New MIAD curriculum won’t affect fine arts minors at Marquette

Photo by Rebecca Rebholz / rebecca.rebholz@marquette.edu

Photo by Rebecca Rebholz / rebecca.rebholz@marquette.edu

The Milwaukee Institute of Art and Design is implementing major curriculum changes in the fall 2015 semester, but it will not have significant impact on Marquette students pursuing a minor in the fine arts areas that partner with MIAD.

Jean Grow, director of Marquette’s fine arts program and associate professor in strategic communication, said there will be no changes made to the photography, fine arts or graphic design majors available to students. The only significant change that may happen in the coming years is the loss of the motion narrative minor since MIAD will be limiting its animation courses. Grow is collaborating with the provost of MIAD to ensure that the partnership between the schools remains strong.

MIAD will be combining its existing drawing, painting, photography, printmaking and sculpture programs to create an interdisciplinary major called New Studio Practice. Grow said this follows the national trend of arts education heading in a more interdisciplinary direction and should not come as a shock.

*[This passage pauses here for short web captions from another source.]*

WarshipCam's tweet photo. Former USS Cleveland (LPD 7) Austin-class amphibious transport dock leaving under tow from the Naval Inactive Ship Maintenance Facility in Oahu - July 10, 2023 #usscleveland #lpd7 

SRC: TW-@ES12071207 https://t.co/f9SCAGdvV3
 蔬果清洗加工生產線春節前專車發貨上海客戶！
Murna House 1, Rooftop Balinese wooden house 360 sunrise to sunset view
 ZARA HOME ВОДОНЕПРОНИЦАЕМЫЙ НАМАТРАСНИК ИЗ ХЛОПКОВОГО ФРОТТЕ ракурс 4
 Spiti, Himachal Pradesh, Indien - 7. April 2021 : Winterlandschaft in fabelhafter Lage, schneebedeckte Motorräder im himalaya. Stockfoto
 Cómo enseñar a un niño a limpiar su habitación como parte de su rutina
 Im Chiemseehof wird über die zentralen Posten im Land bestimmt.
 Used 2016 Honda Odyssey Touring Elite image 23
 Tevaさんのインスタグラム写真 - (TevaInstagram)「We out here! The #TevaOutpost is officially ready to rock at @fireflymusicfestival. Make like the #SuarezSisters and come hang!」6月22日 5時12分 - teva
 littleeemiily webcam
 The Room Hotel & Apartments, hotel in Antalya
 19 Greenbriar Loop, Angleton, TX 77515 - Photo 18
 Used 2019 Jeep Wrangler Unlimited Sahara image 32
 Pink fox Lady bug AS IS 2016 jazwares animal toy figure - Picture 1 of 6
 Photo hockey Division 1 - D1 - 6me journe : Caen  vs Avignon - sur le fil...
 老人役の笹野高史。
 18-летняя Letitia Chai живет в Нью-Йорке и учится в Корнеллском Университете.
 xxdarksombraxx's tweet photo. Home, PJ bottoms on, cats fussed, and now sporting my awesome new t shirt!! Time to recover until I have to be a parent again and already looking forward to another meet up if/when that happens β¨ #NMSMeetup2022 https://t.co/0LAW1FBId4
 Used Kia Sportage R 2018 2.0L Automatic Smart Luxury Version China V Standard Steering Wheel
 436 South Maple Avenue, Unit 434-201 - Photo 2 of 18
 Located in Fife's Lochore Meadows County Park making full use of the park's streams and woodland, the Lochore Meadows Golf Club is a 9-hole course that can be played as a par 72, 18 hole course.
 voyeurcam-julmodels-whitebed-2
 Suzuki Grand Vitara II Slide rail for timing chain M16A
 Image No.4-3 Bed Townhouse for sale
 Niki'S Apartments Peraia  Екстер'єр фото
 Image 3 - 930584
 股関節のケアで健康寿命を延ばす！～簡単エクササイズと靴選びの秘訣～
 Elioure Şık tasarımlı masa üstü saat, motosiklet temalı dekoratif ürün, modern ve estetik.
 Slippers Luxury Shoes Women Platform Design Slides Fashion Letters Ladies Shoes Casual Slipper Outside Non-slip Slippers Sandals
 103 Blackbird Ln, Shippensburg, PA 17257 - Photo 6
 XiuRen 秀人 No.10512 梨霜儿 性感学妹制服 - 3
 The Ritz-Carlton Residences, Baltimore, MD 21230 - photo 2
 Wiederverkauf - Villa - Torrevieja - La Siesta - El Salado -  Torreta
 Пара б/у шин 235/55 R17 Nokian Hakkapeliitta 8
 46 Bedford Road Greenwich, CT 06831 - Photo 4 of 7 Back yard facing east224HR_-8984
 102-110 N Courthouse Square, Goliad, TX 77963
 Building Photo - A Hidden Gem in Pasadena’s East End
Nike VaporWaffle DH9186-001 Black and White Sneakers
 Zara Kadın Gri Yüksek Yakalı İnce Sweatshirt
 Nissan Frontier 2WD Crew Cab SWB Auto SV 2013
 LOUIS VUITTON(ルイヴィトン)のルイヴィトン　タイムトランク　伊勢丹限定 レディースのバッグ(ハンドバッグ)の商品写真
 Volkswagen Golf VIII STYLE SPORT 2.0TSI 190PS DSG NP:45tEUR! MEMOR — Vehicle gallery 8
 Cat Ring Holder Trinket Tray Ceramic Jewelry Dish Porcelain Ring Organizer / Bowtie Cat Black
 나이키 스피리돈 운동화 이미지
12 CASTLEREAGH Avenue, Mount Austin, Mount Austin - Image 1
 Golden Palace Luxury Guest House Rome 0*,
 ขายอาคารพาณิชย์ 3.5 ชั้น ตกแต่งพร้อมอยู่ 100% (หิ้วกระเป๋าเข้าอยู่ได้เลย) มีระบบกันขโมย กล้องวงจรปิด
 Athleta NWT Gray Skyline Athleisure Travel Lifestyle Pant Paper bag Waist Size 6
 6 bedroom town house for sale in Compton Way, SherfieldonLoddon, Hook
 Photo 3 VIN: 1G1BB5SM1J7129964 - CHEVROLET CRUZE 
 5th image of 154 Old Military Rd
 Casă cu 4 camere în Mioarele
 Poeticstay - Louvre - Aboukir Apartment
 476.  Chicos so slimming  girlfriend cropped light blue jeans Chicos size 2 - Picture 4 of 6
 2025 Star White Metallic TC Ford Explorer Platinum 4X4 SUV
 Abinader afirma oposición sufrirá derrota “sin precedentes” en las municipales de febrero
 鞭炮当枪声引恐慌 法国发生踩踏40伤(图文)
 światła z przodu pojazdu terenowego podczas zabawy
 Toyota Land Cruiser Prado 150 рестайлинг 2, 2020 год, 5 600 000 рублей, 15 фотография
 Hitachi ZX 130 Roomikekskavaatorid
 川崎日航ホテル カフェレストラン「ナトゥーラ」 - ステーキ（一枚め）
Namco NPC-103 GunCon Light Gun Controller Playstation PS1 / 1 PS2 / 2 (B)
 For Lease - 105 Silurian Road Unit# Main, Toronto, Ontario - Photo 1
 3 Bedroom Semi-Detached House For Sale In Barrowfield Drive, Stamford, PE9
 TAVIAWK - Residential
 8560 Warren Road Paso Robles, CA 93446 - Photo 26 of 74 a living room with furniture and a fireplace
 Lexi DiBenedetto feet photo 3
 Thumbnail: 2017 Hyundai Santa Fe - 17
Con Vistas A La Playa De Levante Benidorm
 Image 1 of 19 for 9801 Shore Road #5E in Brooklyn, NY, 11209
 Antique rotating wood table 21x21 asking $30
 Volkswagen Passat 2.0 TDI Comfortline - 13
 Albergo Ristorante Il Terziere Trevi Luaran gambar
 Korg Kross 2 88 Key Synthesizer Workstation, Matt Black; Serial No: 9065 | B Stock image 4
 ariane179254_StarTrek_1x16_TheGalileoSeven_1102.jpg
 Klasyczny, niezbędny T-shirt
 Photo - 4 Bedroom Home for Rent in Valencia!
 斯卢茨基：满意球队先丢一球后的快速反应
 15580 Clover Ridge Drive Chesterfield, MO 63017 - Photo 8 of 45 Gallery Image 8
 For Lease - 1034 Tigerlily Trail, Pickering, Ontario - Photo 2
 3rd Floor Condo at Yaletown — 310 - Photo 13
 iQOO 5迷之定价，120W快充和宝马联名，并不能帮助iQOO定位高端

“New Studio Practice aligns authentic fine arts education with the needs of contemporary student artists, culturally and creatively,” MIAD said in a statement.

However, some MIAD students are concerned about how the changes will affect not only the rest of their education, but also their professional lives.

Rhys Hansen, a sophomore photography major at MIAD, said the new program will make it easier for students to work between disciplines and share resources, but the loss of specificity in majors and increased focus on fine arts is not as helpful to his future aspirations.

“New Studio Practice doesn’t set students up as well for success as commercial photographers,” Hansen said.

MIAD’s current and incoming freshmen will be the first students to enter into the program, allowing sophomores and juniors to graduate with the specific discipline majors they are working on.

Hansen said the upperclassmen are still impacted by the changes. He said there will be fewer specific photography classes offered. All photography electives are eliminated starting in the fall, pushing students to take more general fine arts classes.

The changes in classes offered could eventually affect Marquette students at MIAD, but only if classes are combined in new ways that would in new course titles. Students like Zan Zurowski, a senior in the College of Communication, are happy to hear that Marquette will continue to partner with MIAD despite any curriculum changes. She has a minor in studio art and appreciates her experience at MIAD, saying it compliments her advertising degree well.

“Overall, I see a shift like this as a positive thing for MIAD, Marquette and the creative world in general,” Grow said.